The Outsider - Nach eigenen Regeln

Western sind eine klassische Männer-Domäne. Doch wenn gleich mehrere Frauen für die Inszenierung eines Westerns verantwortlich zeichnen, stehen die Chancen gut, dass auch das weibliche Publikum Gefallen an dem Genre findet, in dem klassischerweise starke Männer mit coolen Sprüchen, schnell gezückten Waffen und blanken Fäusten die Szenerie prägen. Der 2002 fürs Fernsehen entstandene Film "The Outsider" trägt aber gleich in mehrerer Hinsicht die Handschrift federführender Frauen. Die dem Film zugrundeliegende Romanvorlage stammt von Penelope Williamson, das Drehbuch verfasste Jenny Wingfield, das schließlich von Regisseurin Randa Haines ("Gottes vergessene Kinder", "Der Doktor – Ein gewöhnlicher Patient") konventionell, aber recht unterhaltsam umgesetzt wurde. 

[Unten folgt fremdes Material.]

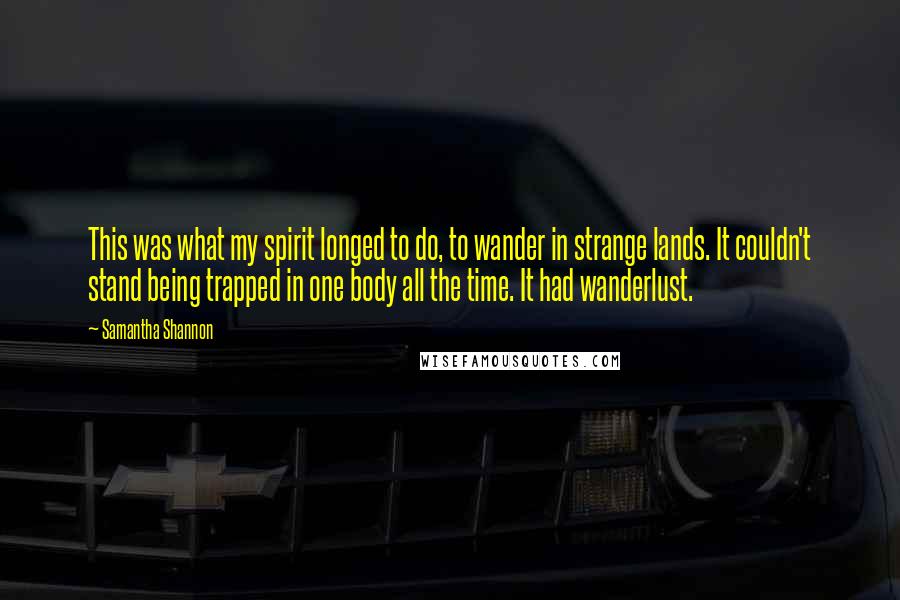 Samantha Shannon Quotes: This was what my spirit longed to do, to wander in strange lands. It couldn't stand being trapped in one body all the time. It had wanderlust.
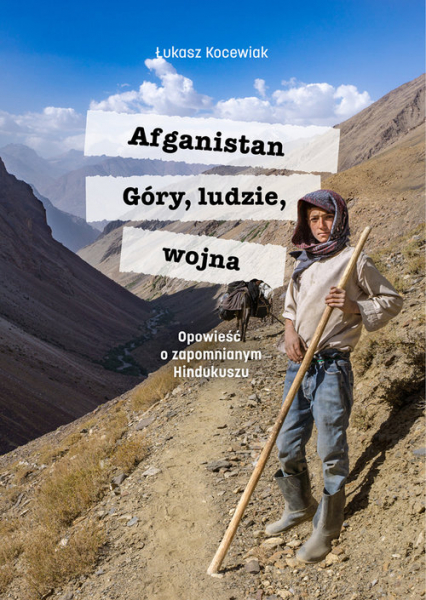 Afganistan Góry ludzie wojna Opowieść o zapomnianym Hindukuszu - Łukasz Kocewiak | okładka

Der skrupellose Rinderzüchter Fergus Hunter (John Noble) hat es auf das Land der Schafzüchterfamilie Yoder abgesehen. Weil sich die Amish-Familie aber nicht so ohne weiteres von ihrer Farm trennen will, muss die gottesfürchtige Rebecca (Naomi Watts) eines Tages ihren Mann erhängt an einem Baum finden. Hunter hofft, nun leichtes Spiel mit der Witwe zu haben, muss aber feststellen, dass sie dem berüchtigten Revolverhelden Johnny Gault (Tim Daly) Unterschlupf gewährt hat, damit sich dieser von einer Schussverletzung erholen kann. Von ihren Amish-Leuten wird diese Konstellation nicht gern gesehen, doch Gault scheint der einzige Mann zu sein, der Hunter und seinen Gaunern etwas entgegensetzen kann. 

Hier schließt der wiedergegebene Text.